Indeed, the online journalist Kirsten Han expressed a similar sentiment in a Facebook post:
Put that way, it does seem as if capitalism promotes such superficial consumer behaviour, and distracts Singaporeans away from weightier matters. But I would like to use this opportunity to suggest another perspective: that these long queues we saw the past weekend are a great sign. They reflect the wonders of the capitalist, free market economic system that we enjoy, and that has enriched much of humanity the past few centuries.
When we roll our eyes at the Singaporeans queuing for the latest bubble tea, we should ask: what is the alternative? In socialist societies, long queues are present too, but for a very different purpose. Take the following picture depicting life in Romania about 40 years ago under communism, where ordinary people queued up for bread. Today, they queue up for Apple products. Capitalism turns luxuries into necessities while socialism turns necessities into luxuries.

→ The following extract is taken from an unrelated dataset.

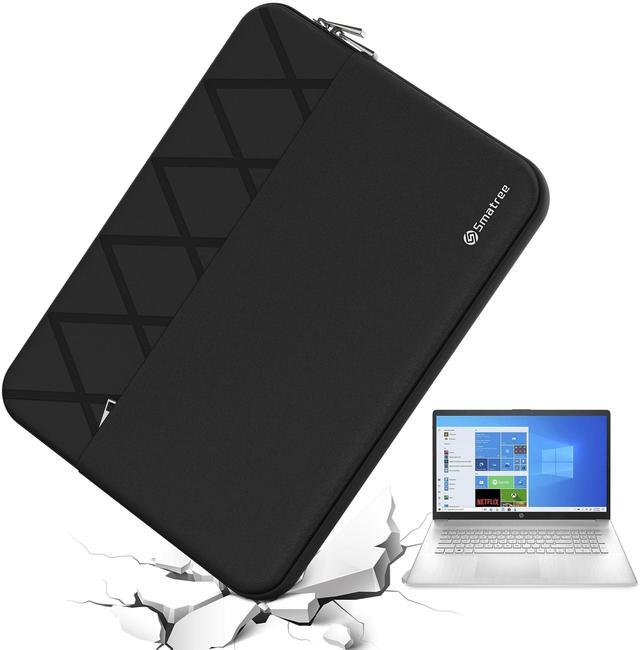 hp envy 13 bag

So whenever we try to make a mockery of Singaporeans queuing for Gong Cha bubble tea as unfortunate pawns of the capitalist system, we should remember the many millions of people living in less economically free societies who would swap queues. We should think of the scores of people who in this 21st century still live under socialist regimes and experience serious shortages and food rations.
This above picture is from Venezuela, and reflects the severe shortages of food and basic necessities ordinary people experience. The BBC article in 2015 “The surreal world of Venezuela’s queues”, dives into how such goods are heavily regulated by the government. When free market forces are shunted, people have to queue up for food.
Queues tell us a lot about the virtues or vices of the economic system we find ourselves in. I like to say that in socialism, you queue up for bread, and under capitalism, bread (or in Singapore’s case, Gong Cha) queues up for you.
So I’m not perturbed whenever I see long snaking queues forming in Singapore. In fact, I get overwhelmed by a deep sense of gratitude that I happen to be born in a country where I GET TO have the luxury of time and resources to spend an entire night just to indulge in a consumer fad. I feel the joy of living under capitalism and hope that the less fortunate under socialism can join me too.
Don’t get too comfortable sitting in your first world living room and pontificating on your first world computer about how Singaporeans have become soulless cogs in the capitalist system. Venezuelans, North Koreans, Cubans would gladly switch places with you as they desire the materialism of capitalism. Check your privilege.